The trio has been on world tour playing in Japan, New York, Chile and Germany. “Doing these trips”, explains Schwebs, “has transformed our music into something new. Now we are specifically writing for each other. That was the approach for this album.” The trio has been experimenting with new ideas, using overdubbing and distortion to create unusual effects and colours. “We established our sound on our debut record and through touring – and that has directly helped me tailor my composing for this band,” says drummer Recabarren.
The three musicians were discussing a name for the album. They were fond of the track Shishi written by Ishiguro. It became part of the album title. Shishi the stray cat had appeared in his life some years ago. Beautiful, but feisty and confrontational, she walked up the front steps of his house during a bitter New York winter, looking for shelter. She gave birth to a stillborn kitten, took months to regain her strength, then left and never returned.
Giacomo was one of the first pieces that Schwebs wrote for the new album. “I had the idea of Aki playing a funky guitar line to an odd-meter bass groove resulting into an energetic, kind of playful dance rhythm. We played a house concert in New York in the summer of 2016. The host was pregnant and told me later it was the first time she felt the baby move. The name of the baby is Giacomo, so that became the name of the piece.”
Siete Diamantes (Seven of Diamonds) is another of Schwebs’s compositions. It is based on a 7/8 rhythm, which is obscured by the guitar and bass melodies starting on different beats. The group were on tour in Chile in 2016 and having lunch when a magician came to their table. “He did these card tricks and my mind was blown,” remembers Schwebs. “You’re so sure which card he has, then he’s pulling it out somewhere else. I was inspired by that. I thought, why not take such a simple idea and play around with some rhythmic and melodic variations.”

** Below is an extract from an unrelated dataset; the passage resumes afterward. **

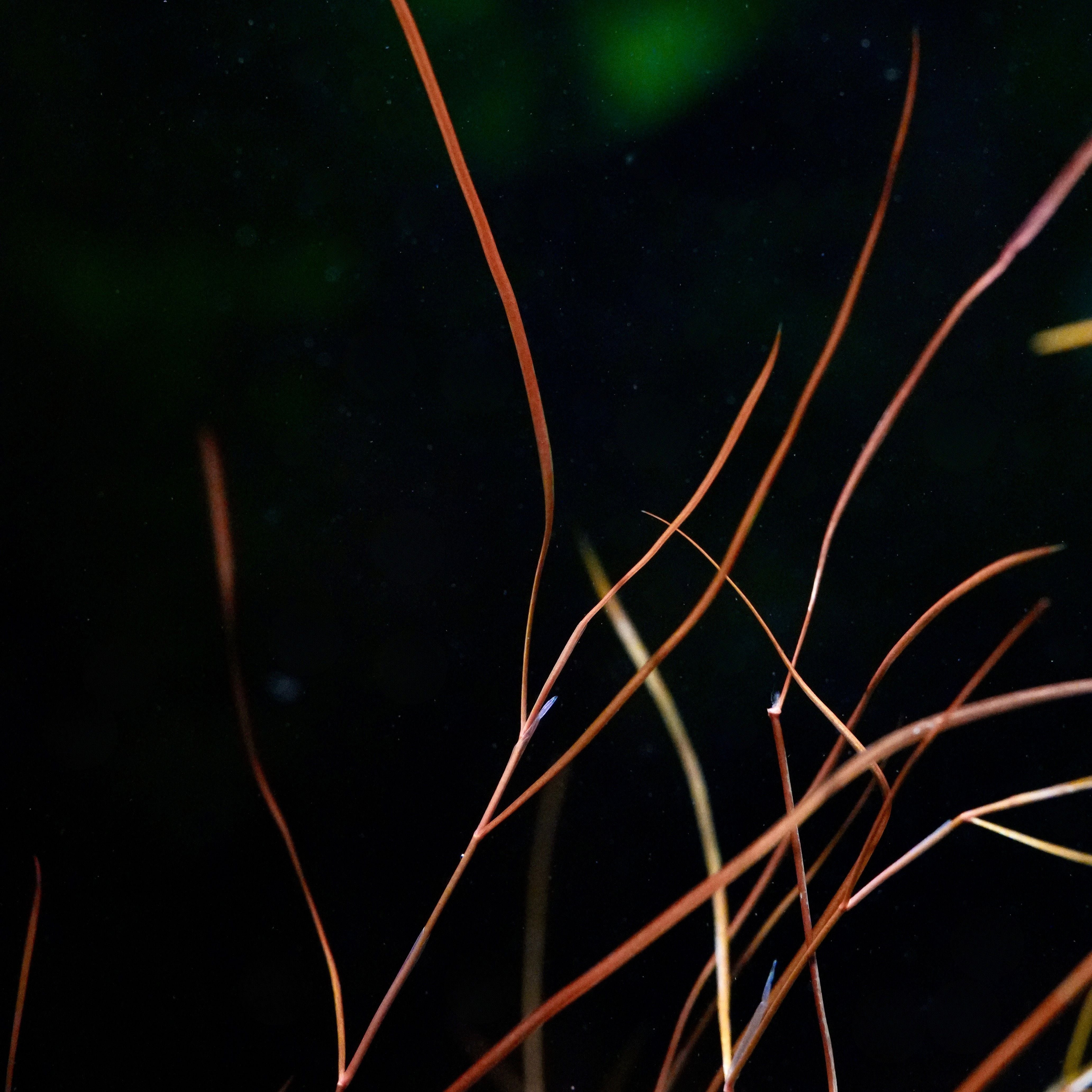 Thin, reddish-brown potamogeton octandrus red aquarium plant against a dark background
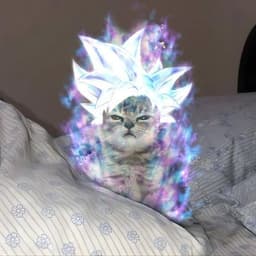 Kas0ku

CSD Orompello was written by Recabarren, adopting a strong South American feel, overdubbed with Latin drums. The piece portrays the failed assassination attempt against the Chilean dictator Augusto Pinochet in 1986. The song was named after the Club Social y Deportivo Orompello, a soccer and sports association in which some of the members of the guerilla group “Frente Patriótico Manuel Rodriguez” used to play.
Spätsommer (late summer) was written by Schwebs. He explains, “late September/October is a beautiful time of year and can still be sunny, but you can feel autumn coming. So this ballad has a reminiscent vibe looking back to the warm seasons.”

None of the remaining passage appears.